START Data below
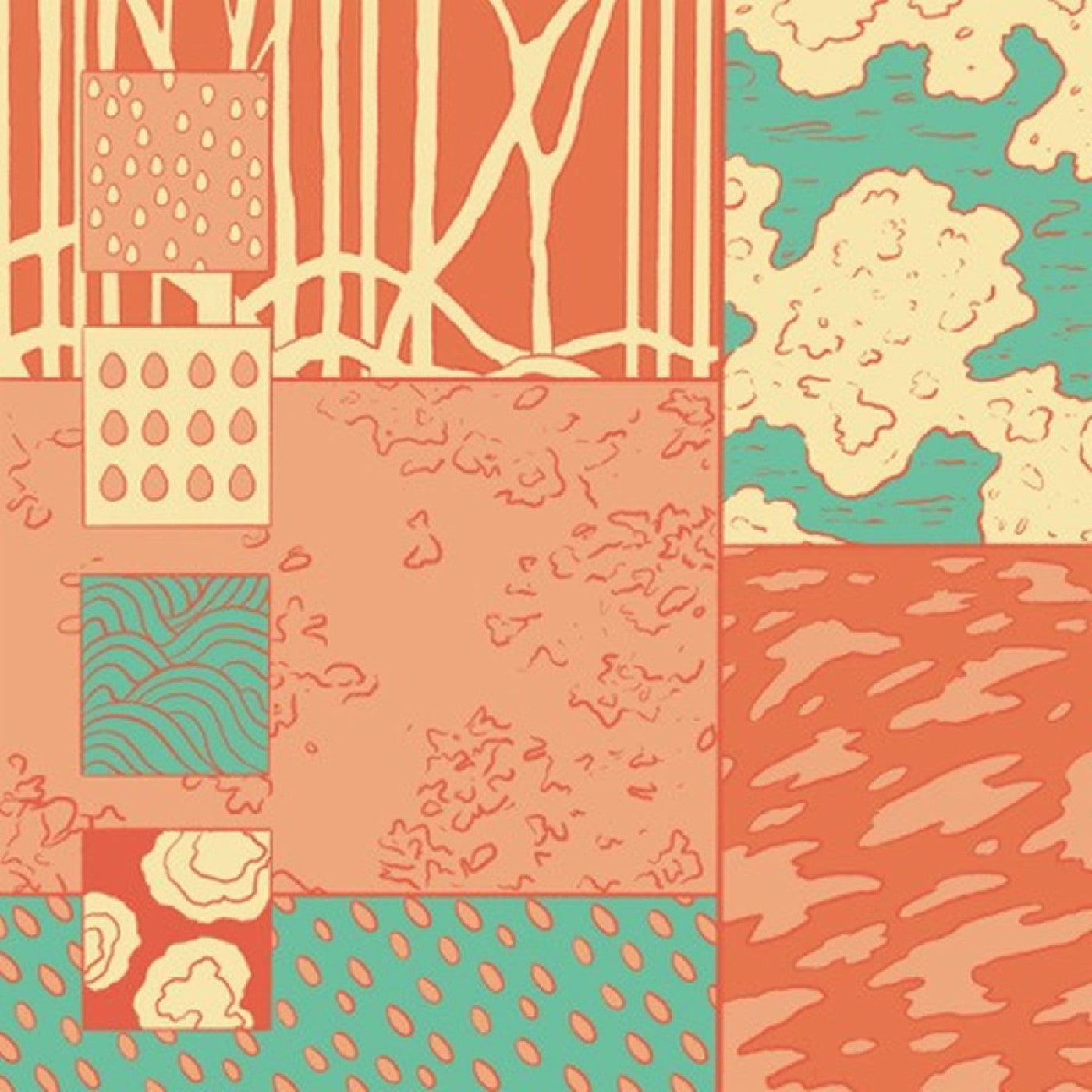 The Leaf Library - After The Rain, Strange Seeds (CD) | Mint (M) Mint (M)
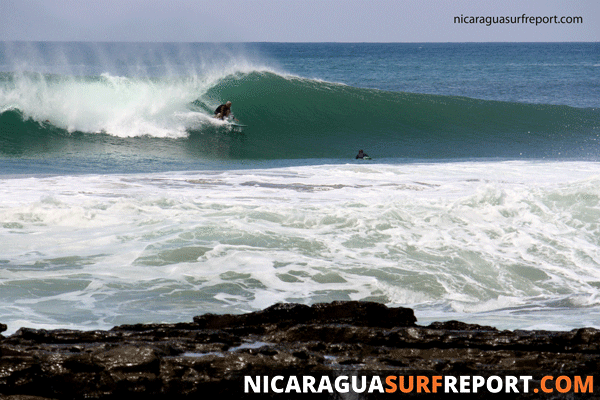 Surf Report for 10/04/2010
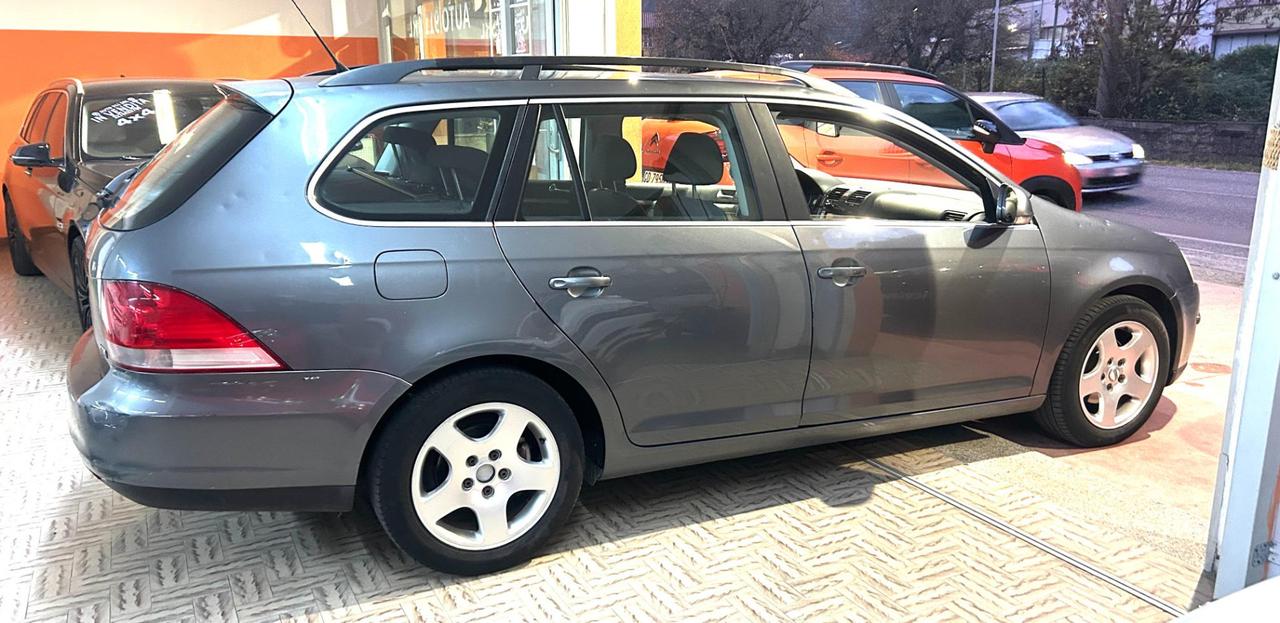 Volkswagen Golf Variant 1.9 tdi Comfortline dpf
END Data below
Go through the listing above and quote it exactly, apart from its images.

 The Leaf Library - After The Rain, Strange Seeds (CD) | Mint (M) Mint (M)
 Surf Report for 10/04/2010
 Volkswagen Golf Variant 1.9 tdi Comfortline dpf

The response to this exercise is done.